Au fil des semaines grandissait en moi la conviction que j'étais là pour accomplir un plan préétabli – un peu comme, dans les Évangiles, le Christ accomplit ce qu'avaient annoncé les prophètes. En même temps se développait l'intuition que ce séjour n'était que le premier en date d'une succession d'internements de plus en plus longs, dans des établissements psychiatriques de plus en plus fermés et durs. Cette perspective m'attristait profondément.
Je revis la psychologue de temps à autre dans les couloirs, mais aucune véritable conversation ne se produisit; nos relations avaient pris un tour assez formel. Son travail sur l'angoisse avançait, me dit-elle; elle devait passer des examens en juin.
Sans doute est-ce qu'aujourd'hui je poursuis une vague existence dans une thèse de troisième cycle, au milieu d'autres cas concrets. Cette impression d'être devenu l'élément d'un dossier m'apaise. J'imagine le volume, sa reliure collée, sa couverture un peu triste; doucement, je m'aplatis entre les pages; je m'écrase.
Je sortis de la clinique un 26 mai; je me souviens du soleil, de la chaleur, de l'ambiance de liberté dans les rues. C'était insupportable.
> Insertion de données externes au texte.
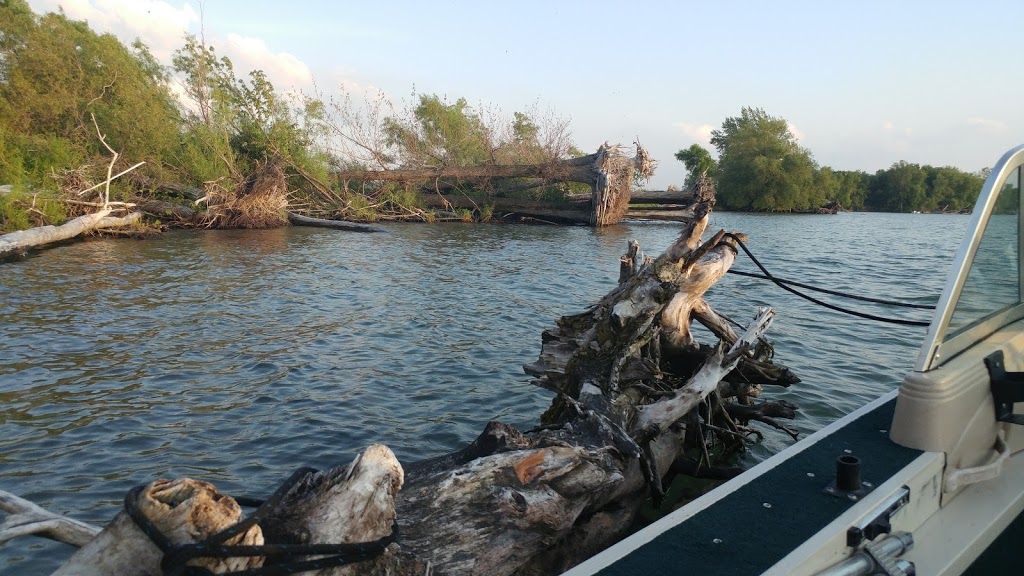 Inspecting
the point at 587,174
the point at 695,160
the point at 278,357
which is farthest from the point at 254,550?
the point at 695,160

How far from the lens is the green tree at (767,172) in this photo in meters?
67.2

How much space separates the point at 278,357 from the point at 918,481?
7137 millimetres

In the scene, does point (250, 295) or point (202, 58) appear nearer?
point (250, 295)

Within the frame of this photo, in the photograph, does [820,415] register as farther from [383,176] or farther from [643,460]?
[383,176]

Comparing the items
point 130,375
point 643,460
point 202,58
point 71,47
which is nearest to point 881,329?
point 643,460

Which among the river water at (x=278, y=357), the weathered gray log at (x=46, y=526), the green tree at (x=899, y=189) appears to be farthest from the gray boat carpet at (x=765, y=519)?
the green tree at (x=899, y=189)

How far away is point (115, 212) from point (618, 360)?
64.5ft

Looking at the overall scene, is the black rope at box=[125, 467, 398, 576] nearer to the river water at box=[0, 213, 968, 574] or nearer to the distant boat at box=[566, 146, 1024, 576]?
the distant boat at box=[566, 146, 1024, 576]

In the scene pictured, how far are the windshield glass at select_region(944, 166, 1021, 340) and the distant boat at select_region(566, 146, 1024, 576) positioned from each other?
0.01 metres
C'est également un 26 mai que j'avais été conçu, tard dans l'après-midi. Le coït avait pris place dans le salon, sur un tapis pseudo-pakistanais. Au moment où mon père prenait ma mère par-derrière elle avait eu l'idée malencontreuse de tendre la main pour lui caresser les testicules, si bien que l'éjaculation s'était produite. Elle avait éprouvé du plaisir, mais pas de véritable orgasme. Peu après, ils avaient mangé du poulet froid. Il y avait de cela trente-deux ans, maintenant; à l'époque, on trouvait encore de vrais poulets.
Sur le sujet de ma vie après la sortie de clinique, je n'avais pas de consignes précises; je devais juste me représenter, une fois par semaine. Pour le reste c'était, désormais, à moi de me prendre en charge.